Beyond this, the IHBDC’s grassroots campaign has a regulatory effect. It reacts to and regulates a multiplicity of power-relationships between the different generations within the activists’ communities, as well as between different communities. For a long time, anthropologists have studied the regulatory role of religious rituals. The ritual has been studied as an arena in which the social conflicts are practically worked out (Bell 2009). In my Identities article, I argued that on many levels the synthesis of an altruistic grassroots movement with religious ritual has been successful.
The sign of such success is when a blood donation campaign goes beyond a charity. A charity concerns the immediate need of those who are suffering. But philanthropic engagement implies a level of systematic change as a result of activism (Paytn and Moody 2008). Like many other concepts, ‘philanthropy’ has been appropriated by capitalist interests. But the concept is reconnected to its original meaning in projects such as this, led by grassroots activists seeking systematic transformations and social harmony, for their community and the wider society.

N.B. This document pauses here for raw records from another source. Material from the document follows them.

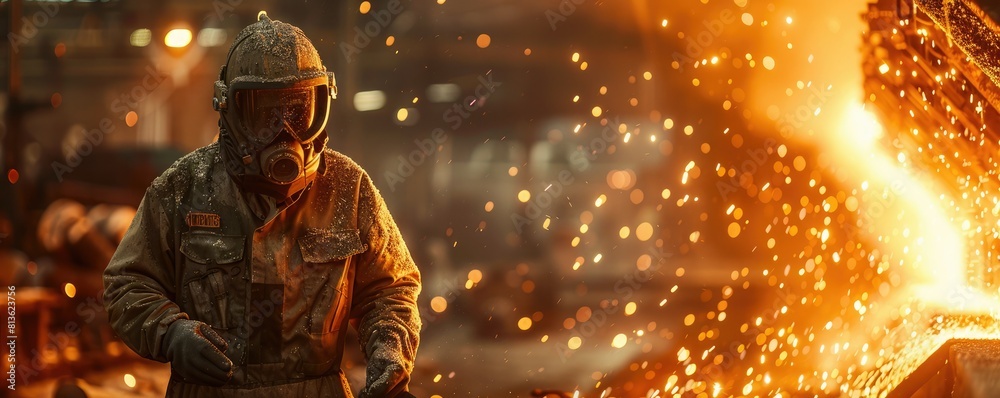 Steelworker wearing protective gear works in a steel mill. Steelworker wearing protective gear works in a steel mill.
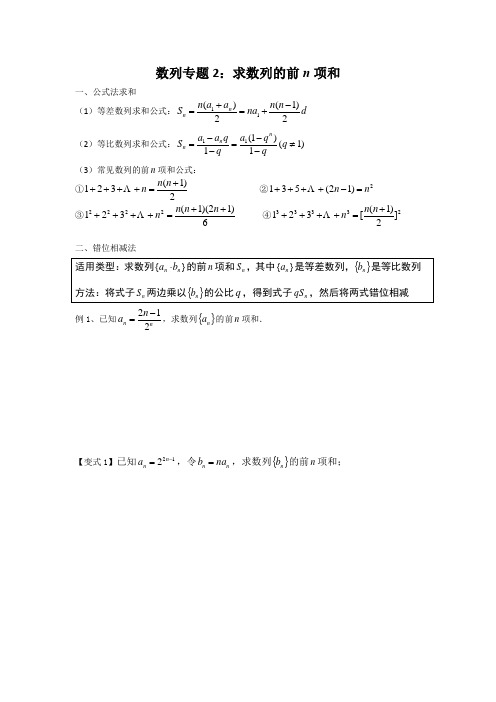 专题二 求数列的前n项和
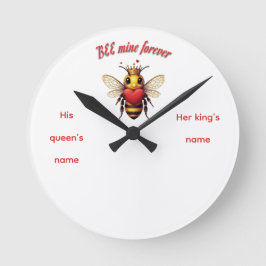 Reloj Redondo Mediano Funny Bee Pun Valentine 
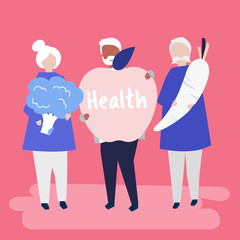 Characters of retired seniors and health concept illustration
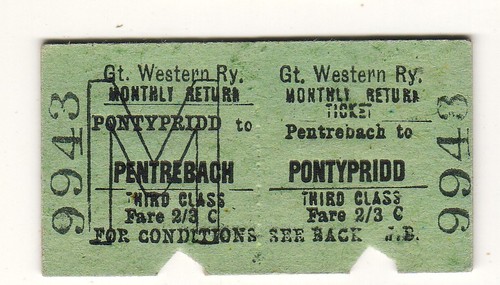 Railway ticket gwr pentrebach - railway,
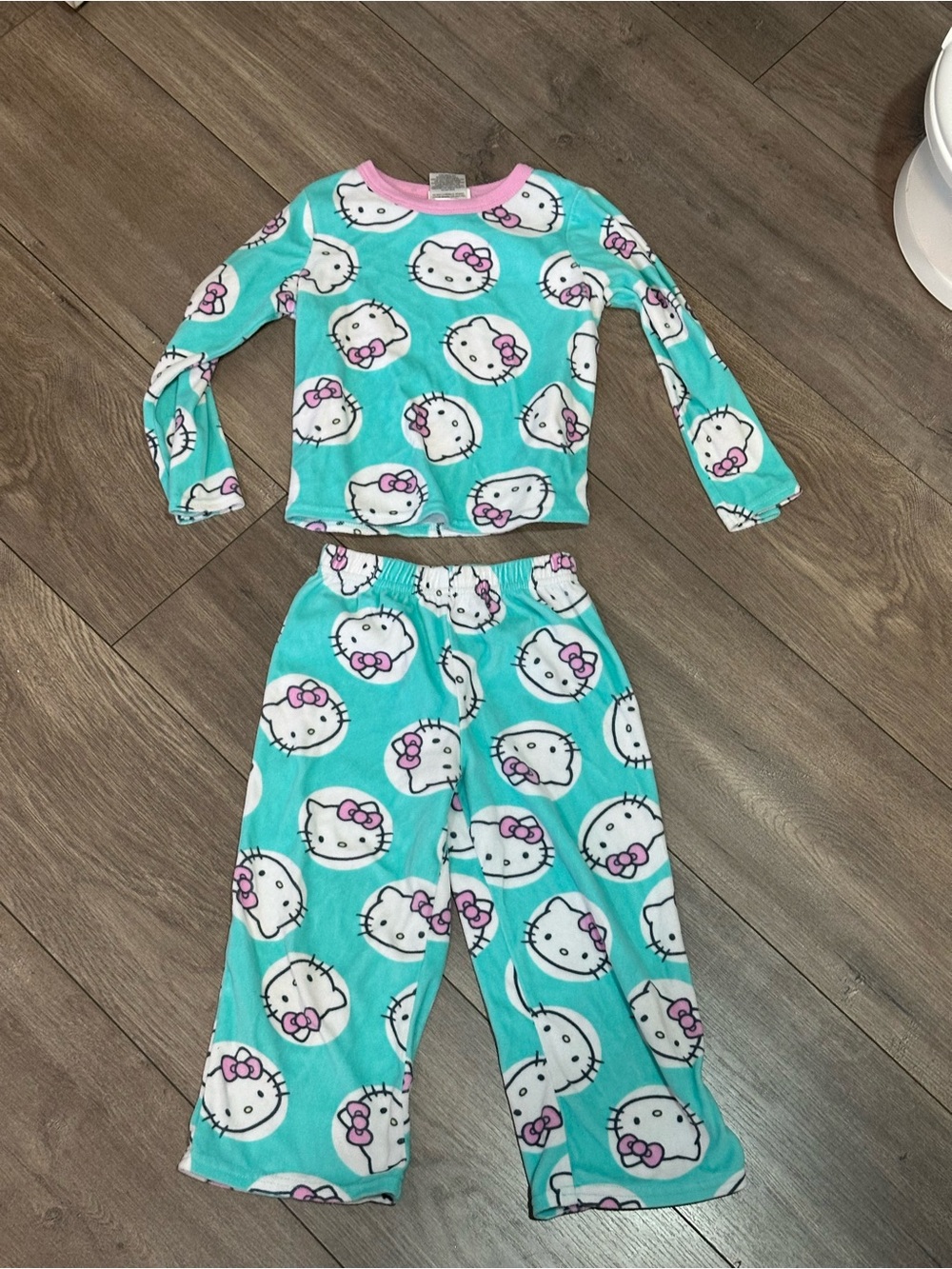 Hello Kitty Aqua and Pink Girls' Two-Piece Pajama Set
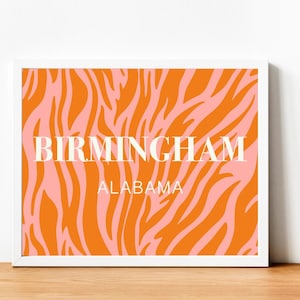 Preppy Birmingham Location Print, Dorm Decor, Birmingham Alabama, Apartment Decor, College Wall Art, Preppy Room Decor,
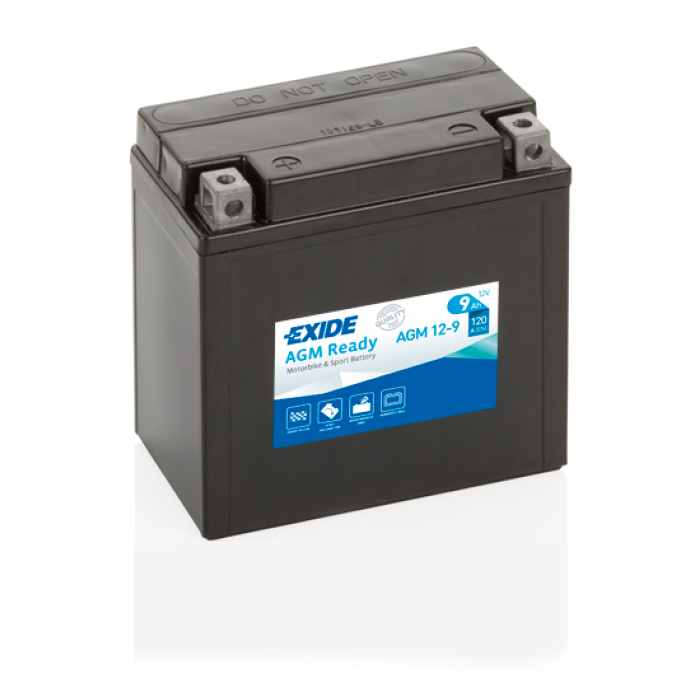 Batterie moto Exide AGM Ready AGM12-9 12 V 9 Ah 120 A – AGM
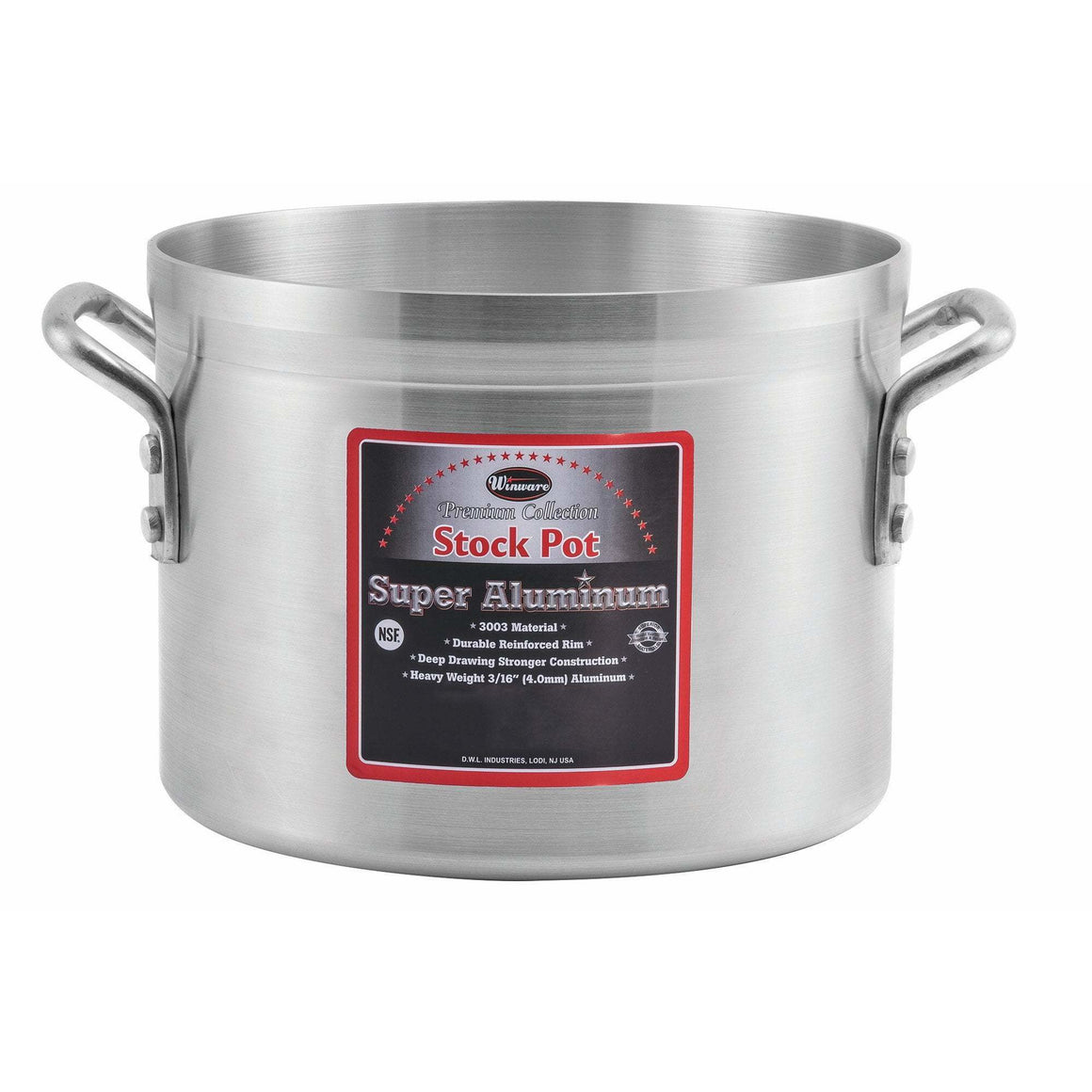 Winco - AXS-10 - 10qt Alu Stock Pot, 4mm, Super Aluminum - Cookware - Maltese & Co 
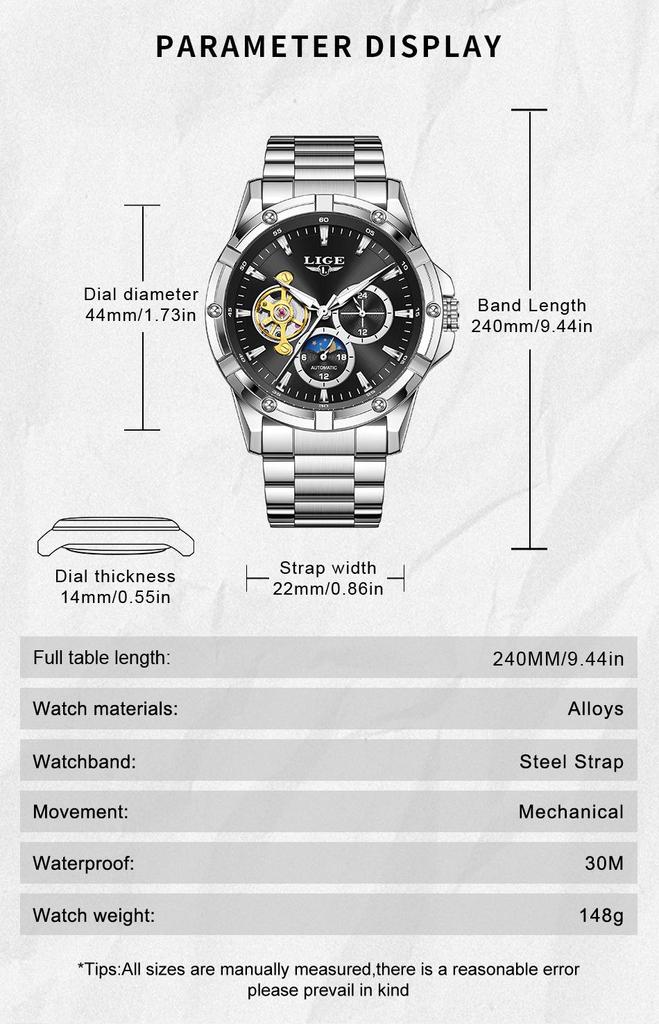 Men's High-End Multi-Functional Mechanical Fashion Watch – Stylish Business Wristwatch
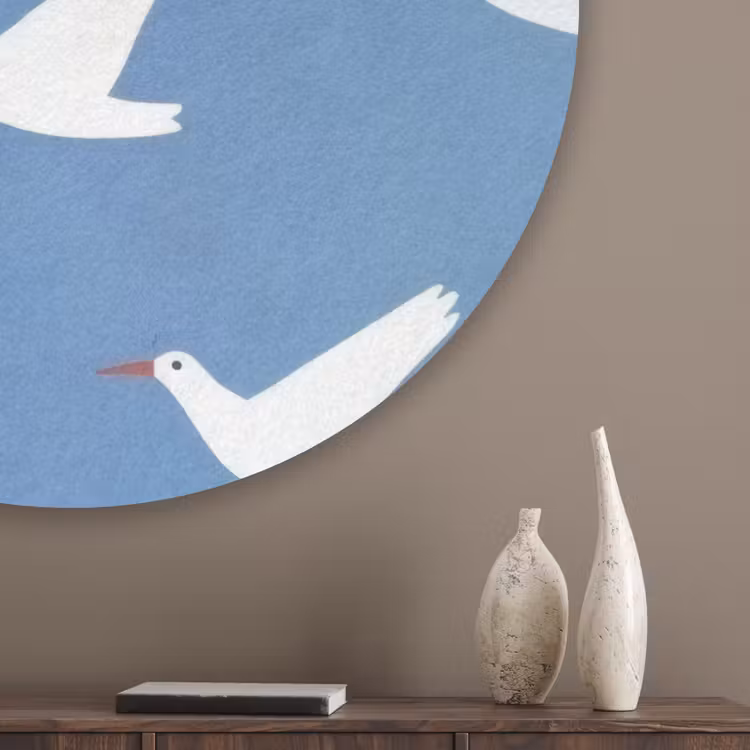 Vogels - Wit - Patroon Akoestische PET Vilt - Rond klein -sfeer5_closeup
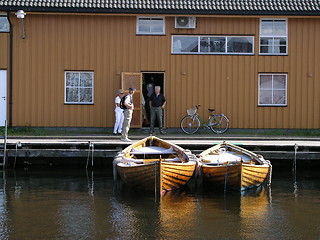 Image showing norwegian wooden boats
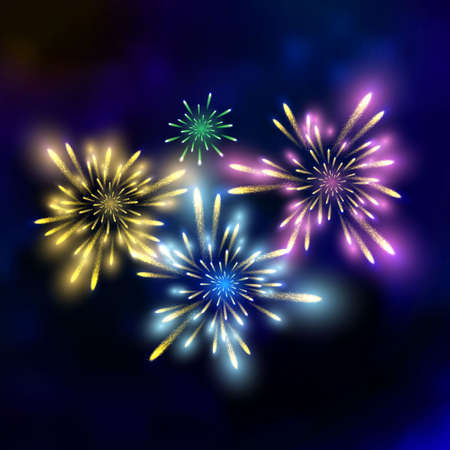 festive fireworks Illustration on dark backgroundのイラスト素材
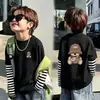 Camiseta de manga larga de algodón puro para niños, moda de primavera y otoño, camiseta básica a rayas de retazos holgada de moda para niños mayores
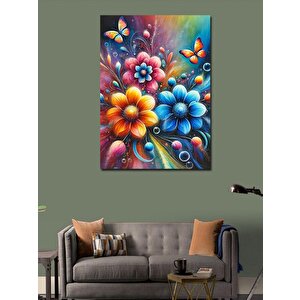 Kanvas Tablo Renkli Çiçekler Deseni 100x140 cm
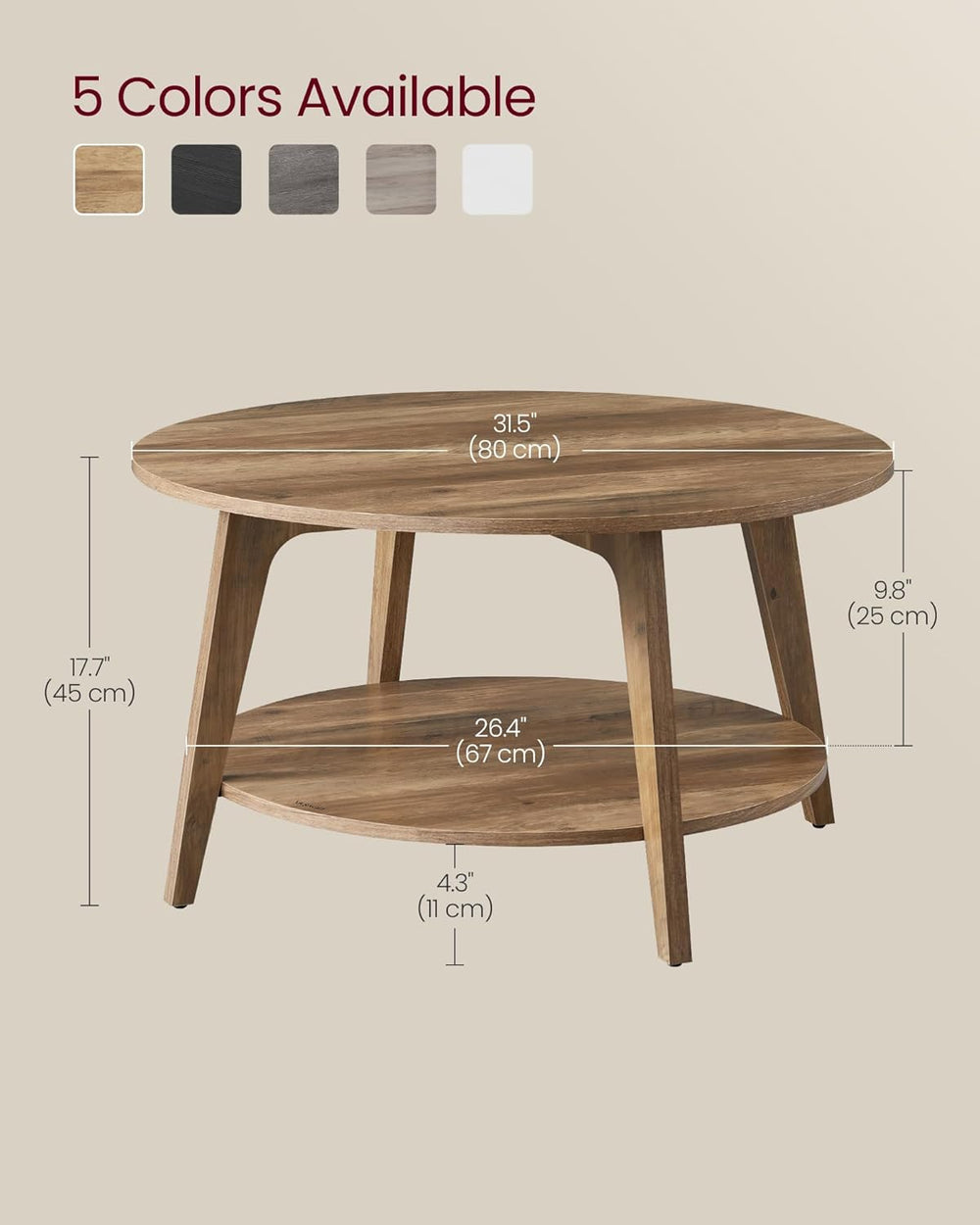 VASAGLE MAEZO Collection - Round Coffee Table, 2-Tier Center Table with Stora...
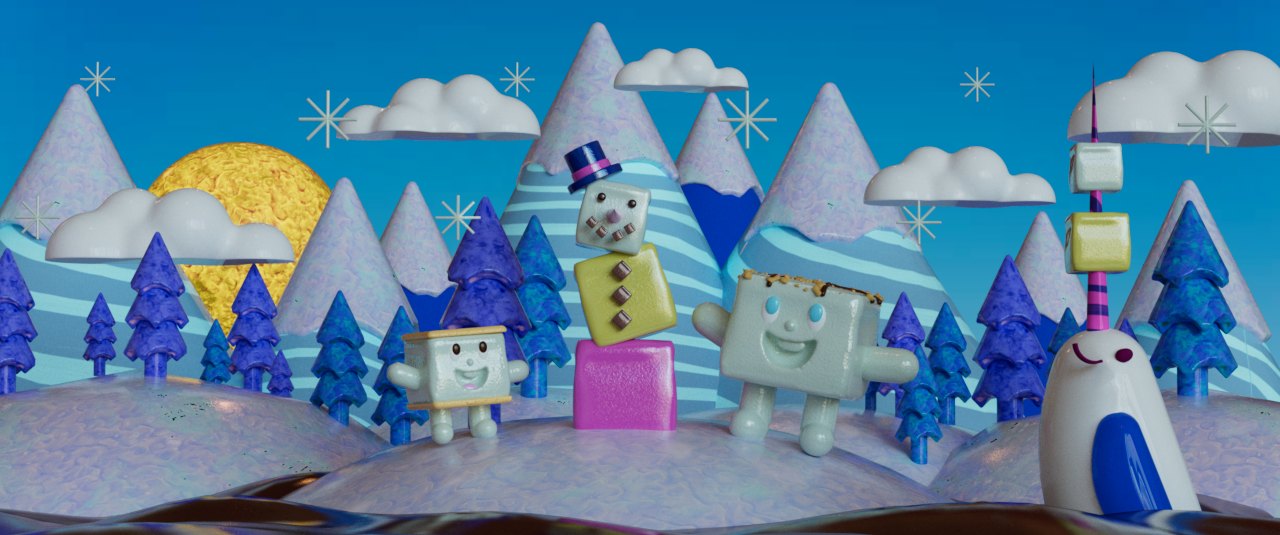 A winter world of striped mountains and blue trees with a marshmallow snowman and a narwhal.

The modern blood ritual, devised by the IHBDC activists, can be seen as an attempt to capture such harmony. It connects the stories of the martyrs to the everyday lives of British Shia Muslims. It creates the grassroots power to reconcile different aspects of one’s identity. The revelatory nature of blood is at work here, as it reillumines a socio-cultural environment in the light of an attempt to seek harmony, and to make a home.
Bell, C. 2009. Ritual theory, ritual practice. Oxford: Oxford University Press.
Payton, R. L. & M. P. Moody. 2008. Understanding philanthropy: its meaning and mission. Bloomington, IN: Indiana University Press.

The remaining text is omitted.